1.
Luke Brasco pénétra dans la salle de surveillance du Club Cicero, la boîte de nuit la plus courue de Chicago. Les écrans de contrôle qui couvraient tout un mur de la salle diffusaient une douce lumière bleuâtre.
– Quoi de neuf, patron ? lui demanda Mickey Maldonado, son responsable de la sécurité, en faisant pivoter sa chaise vers lui.
En guise de réponse, Luke porta les yeux sur l’écran central. Elle était là. Au beau milieu de la piste de danse, elle s’était ménagé un petit espace que nul n’osait pénétrer. Il l’avait remarquée dès son entrée, vingt minutes plus tôt, et il avait eu beau s’y efforcer, il n’avait pas réussi à détacher son regard d’elle. Elle s’était très vite frayé un chemin vers le bar – vers lui –, ne lui accordant au passage qu’un bref coup d’œil. Mais ce simple regard de ses yeux d’un bleu hypnotique avait suffi à mettre le feu aux poudres de ses sens pourtant aguerris.
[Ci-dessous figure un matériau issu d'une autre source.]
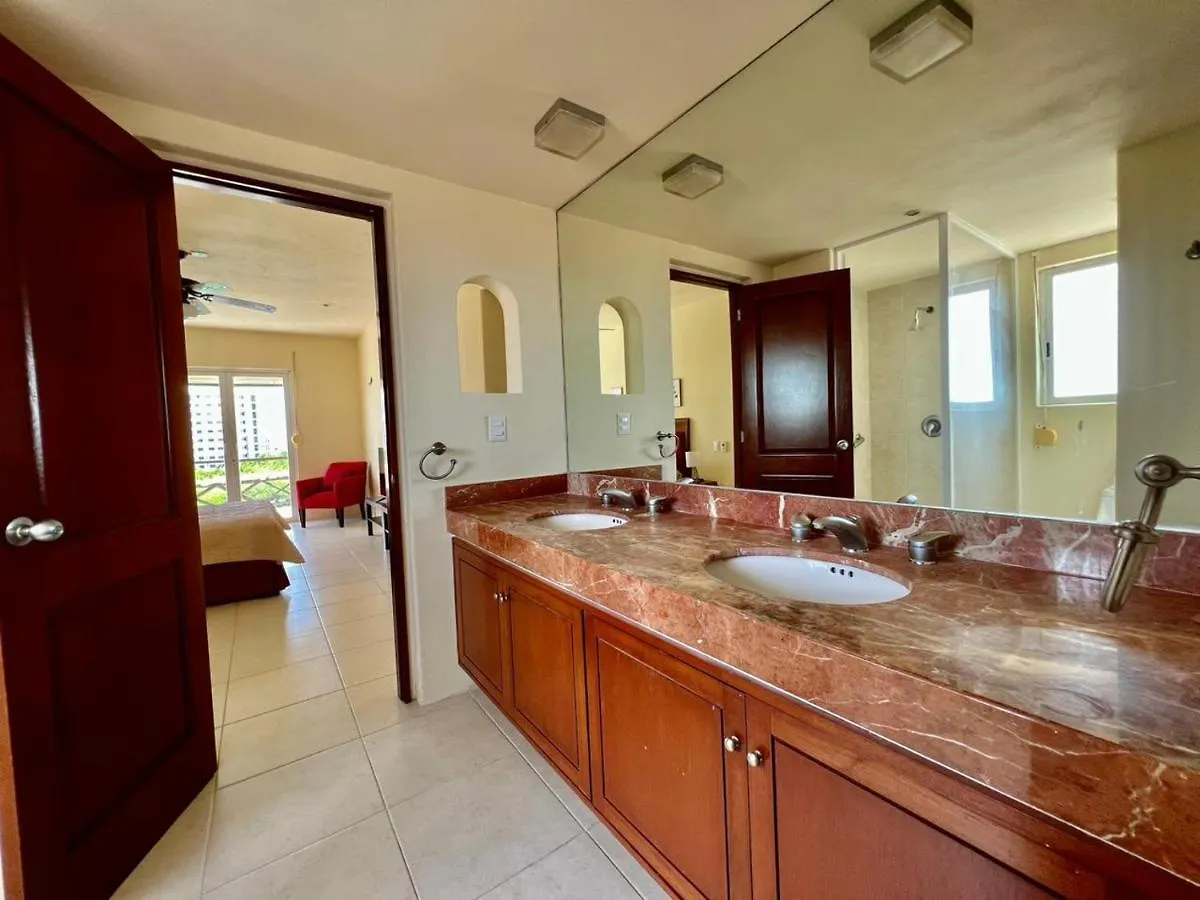 Waterfront Condo Hotel Zone, Pool & Wi-Fi Cancun Mexico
Il s’était empressé de regagner la salle de surveillance du club pour échapper à cette fascination, mais, à présent, il avait d’autres idées en tête.
– Il y a du chahut à l’entrée, dit-il après s’être éclairci la gorge.
Coincé entre Michigan Avenue et Grand, pas très éloigné de la fameuse Billy Goat Tavern, le Club Cicero était une boîte qui s’était spécialisée dans le thème des années folles, de la prohibition et des gangsters. Son nom venait du quartier dans lequel Al Capone avait fait fortune. Il attirait une clientèle variée, depuis les hommes d’affaires internationaux aux fêtards locaux cherchant une raison de porter chapeaux mous et robes pailletées. Certes, tous n’allaient pas fouiller dans les malles de leurs grand-mères avant de rejoindre l’interminable file d’attente, mais ceux qui le faisaient contribuaient à créer l’atmosphère spéciale du club et méritaient donc une chance supplémentaire d’entrer.
Sa femme-mystère n’avait eu besoin d’aucun subterfuge pour passer devant tout le monde car elle attirait naturellement tous les regards. Elle était l’exotisme personnifié – les yeux en amande, la peau très mate, les lèvres pulpeuses. Elle n’était ni petite ni grande, juste de taille moyenne. Avec ce jean noir moulant, ce débardeur de soie noire découvrant son nombril et ces bottes à talons aiguilles, elle correspondait en tout point aux fantasmes qu’il aimait invoquer les nuits de trop grande solitude. Il ne pouvait se défaire de l’idée que, tout comme les femmes en costume des années folles, elle aimait à se déguiser.
Juste pour lui.
– Pourquoi n’irais-tu pas donner un coup de main à Craig ? dit-il encore. Je vais surveiller les écrans.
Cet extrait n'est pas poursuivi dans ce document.